Managing Excess Water
When completion activity dips, operators must figure out what to do with the produced water they normally would recycle. Disposal well operators rarely have the spare capacity to handle a sudden influx without raising prices, so many operators are looking for other ways to get rid of the water, indicates Mark Patton, president of Hydrozonix LLC.
“In response, we have introduced a surface evaporation system that addresses surface evaporators’ traditional downside: When water is sprayed into the air, it drifts on shore and leaves behind salt that can blow onto surrounding properties and contaminate them,” Patton says. “Our new system uses spray nozzles originally developed to keep fountains in public parks from causing safety hazards by wetting sidewalks. The nozzles limit how much mist drifts and where salt can go by creating larger water droplets.
“To make sure we control the drift adequately, we put wind and humidity monitors around evaporation pits,” Patton adds. “If the wind kicks up, we can reduce the pump’s speed and the amount of spray coming off the nozzles. If we sense humidity, which keeps mist in the air longer, we do the same. If humidity is only increasing on one side of the pit, unwanted drift is occurring and the system shuts down.”
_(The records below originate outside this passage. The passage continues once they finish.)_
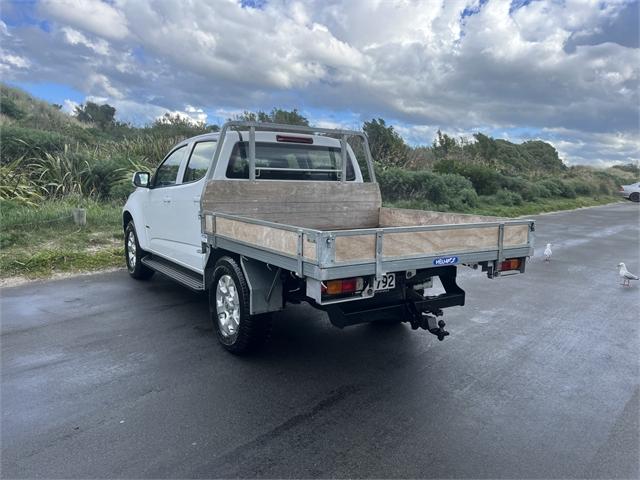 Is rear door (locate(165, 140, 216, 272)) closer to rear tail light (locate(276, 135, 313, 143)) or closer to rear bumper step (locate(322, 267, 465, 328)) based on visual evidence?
rear tail light (locate(276, 135, 313, 143))

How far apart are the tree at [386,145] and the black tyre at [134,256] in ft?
52.3

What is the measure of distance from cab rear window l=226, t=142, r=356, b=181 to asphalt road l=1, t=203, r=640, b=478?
1.70 meters

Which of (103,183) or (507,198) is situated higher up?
(103,183)

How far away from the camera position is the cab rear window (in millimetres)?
5461

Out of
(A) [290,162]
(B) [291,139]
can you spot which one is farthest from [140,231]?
(B) [291,139]

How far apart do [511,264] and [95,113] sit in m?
36.4

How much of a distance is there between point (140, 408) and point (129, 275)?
15.0 ft

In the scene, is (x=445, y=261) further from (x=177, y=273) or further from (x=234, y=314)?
(x=177, y=273)

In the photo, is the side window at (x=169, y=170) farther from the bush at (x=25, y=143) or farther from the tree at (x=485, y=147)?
the tree at (x=485, y=147)

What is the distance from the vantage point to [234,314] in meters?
4.57

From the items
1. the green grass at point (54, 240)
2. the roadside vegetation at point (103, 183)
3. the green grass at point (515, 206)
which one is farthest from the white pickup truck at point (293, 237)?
the green grass at point (515, 206)

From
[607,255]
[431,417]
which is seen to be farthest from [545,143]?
[431,417]

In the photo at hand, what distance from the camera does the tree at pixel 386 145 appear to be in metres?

Hydrozonix’ initial evaporation modules can handle 12,000 barrels of water a day, Patton says. “They are small enough to fit into most pits with a capacity of at least 100,000 barrels without being so close to the edge that mist carries salt on shore,” he comments. “We plan to offer the modules as rentals so clients can return them once they have another outlet for their water.”
For areas with flare gas, Hydrozonix offers a flare gas combustor that evaporates water as part of its emission control system. “This provides an environment, sustainability and governance benefit by giving the flare gas an alternate use while reducing emissions,” Patton says. “We trialed the system in the Permian, but we are expecting the first permanent installation to be in the Powder River Basin because it has high disposal costs and limited water infrastructure.”
Patton points out that the surface evaporation system and flare combustor operate autonomously. “In addition to reducing labor costs, this minimizes the number of trips employees have to take to the site, eliminating the safety risks and emissions associated with driving,” he says. “We see minimizing trips as an important goal, given the industry’s growing focus on sustainability.
“At most places, that focus has yet to change field teams’ purchasing decisions. They ask almost exclusively about cost and reliability,” Patton acknowledges. “However, we have had a major company tell us it has an internal carbon tax that must be factored into cost calculations.”
At other companies, Patton says, Hydrozonix gets a positive reaction when it mentions its products’ environmental benefits. “For example, we had one client switch to our recycling systems, which treat the water with ozone that is generated on site rather than chemicals that must be trucked in, to reduce costs. When we pointed out that switching also cut the carbon footprint, the company told us that was a big topic of conversation and asked us to calculate how much.”
As it works on those calculations, Patton says Hydrozonix is expanding its client dashboards to include ESG. “Our goal is to tally every reduction in pounds of carbon dioxide operators get by adopting our technology,” he says. “That will make it easier for operators to track their progress and give them an easy way to show investors and the public how much they pay attention to emissions.”